(Beginning of EXCERPTED DATA)
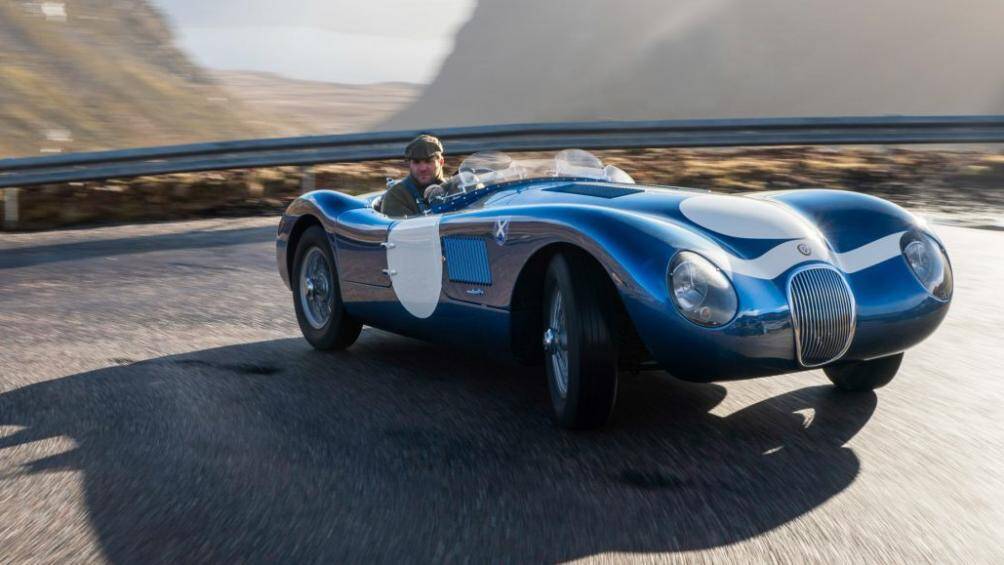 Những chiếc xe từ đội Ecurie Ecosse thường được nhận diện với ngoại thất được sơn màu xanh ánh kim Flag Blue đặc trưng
(End of EXCERPTED DATA)
(Beginning of EXCERPTED DATA)
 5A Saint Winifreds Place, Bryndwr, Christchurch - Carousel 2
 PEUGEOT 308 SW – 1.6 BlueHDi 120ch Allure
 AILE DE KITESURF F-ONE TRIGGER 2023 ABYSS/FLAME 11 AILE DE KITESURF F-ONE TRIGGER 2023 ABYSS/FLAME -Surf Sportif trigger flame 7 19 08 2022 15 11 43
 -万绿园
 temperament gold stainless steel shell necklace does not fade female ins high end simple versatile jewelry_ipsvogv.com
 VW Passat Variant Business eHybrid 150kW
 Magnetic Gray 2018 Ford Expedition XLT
(End of EXCERPTED DATA)
_PROMPT_: Beginning with the line containing "temperament gold stainless" in the material above, copy every line exactly until you have copied the line containing "Magnetic Gray 2018 Ford Expedition XLT".

_ANSWER TO THIS EXERCISE_:
 temperament gold stainless steel shell necklace does not fade female ins high end simple versatile jewelry_ipsvogv.com
 VW Passat Variant Business eHybrid 150kW
 Magnetic Gray 2018 Ford Expedition XLT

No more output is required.